When it becomes available on Sonos in early 2011, Rdio wlil bring a new element to the devices: the ability to follow the musical choices of the tastemakers you choose. Yet it fits into the existing Sonos mission of enabling customers to fill their homes with music from the broadest possible library.
The hurdle for Rdio is persuading people to pay a monthly fee for music they can't keep. The basic version of the service, which is available only on computers, is $5 a month. The version for mobile phones and Sonos costs $10.
But Sonos CEO John MacFarlane said his customers didn't seem to have a problem with the subcription model. Two-thirds of Sonos owners subscribe to at least one music service, and they use it a lot, MacFarlane said, adding, "Their local collections go away."
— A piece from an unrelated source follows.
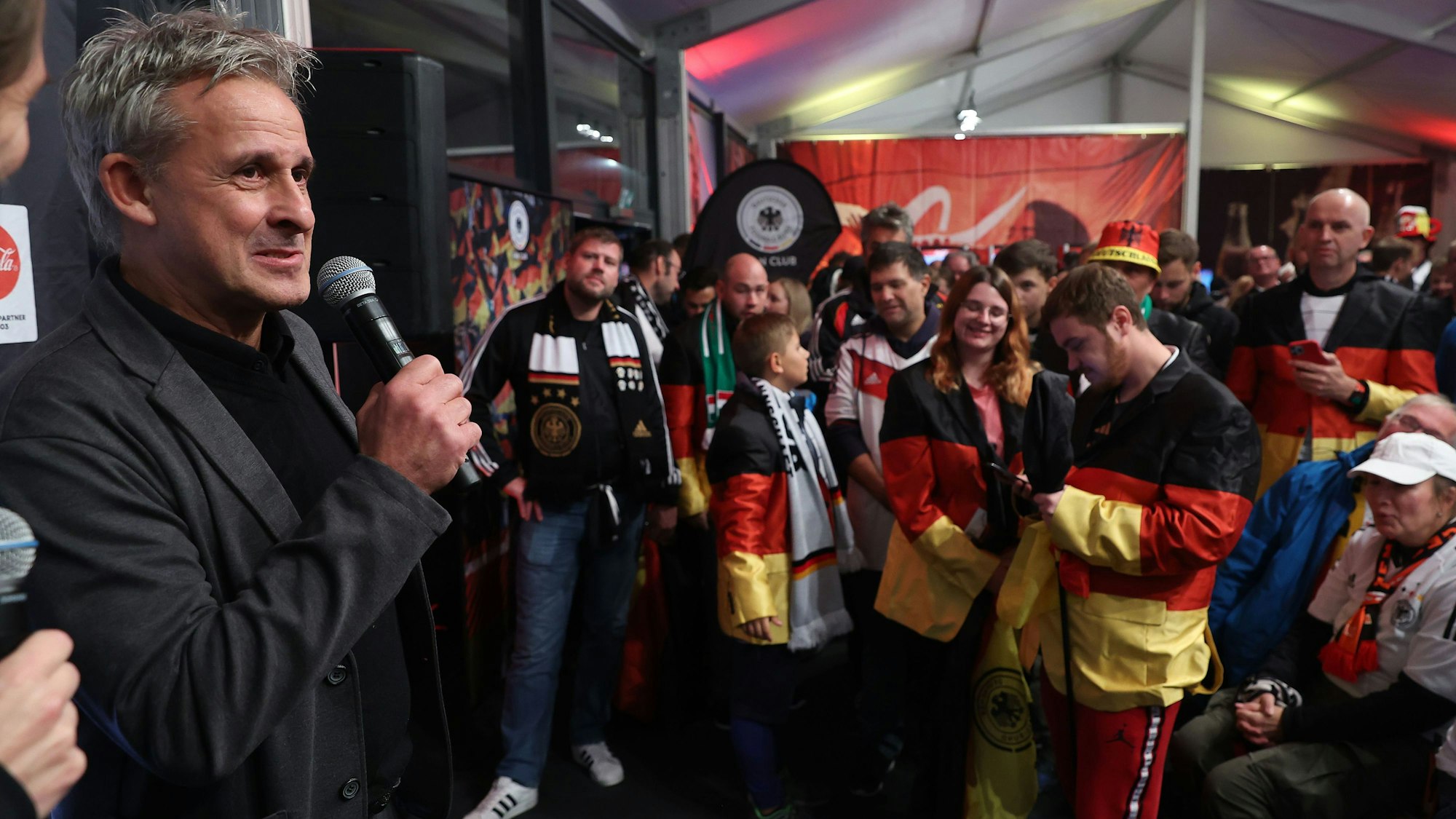 Pierre Littbarski spricht zu Mitgliedern des Fanclubs der Nationalmannschaft.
The company's devices aren't cheap; its entry-level player has a suggested retail price of just under $500, and that doesn't include the cost of the iPhone or iPod Touch used to operate it. (The Sonos players don't have screens; they rely on a smart remote control to help users navigate through the huge amount of music available.) So it's not too surprising that Sonos users wouldn't balk at the idea of paying $10 or more a month for a music service.
MacFarlane, though, believes subscription services can appeal to the masses. The services themselves are improving, the major record companies have become more flexible about business models, and there's rich content available online. They also enable subscribers to play whatever they want without worrying about having to pay per track -- not unlike the original Napster, except with a monthly fee.
He wouldn't get into specifics about Sonos' next products, saying simply that the company planned to enable more sources of content (one likely candidate is MOG, a music subscription service that blends a vast on-demand catalog with Pandora-like personalized radio functions) and more ways to interface with the devices -- for example, by creating a Sonos app for Android phones and tablets.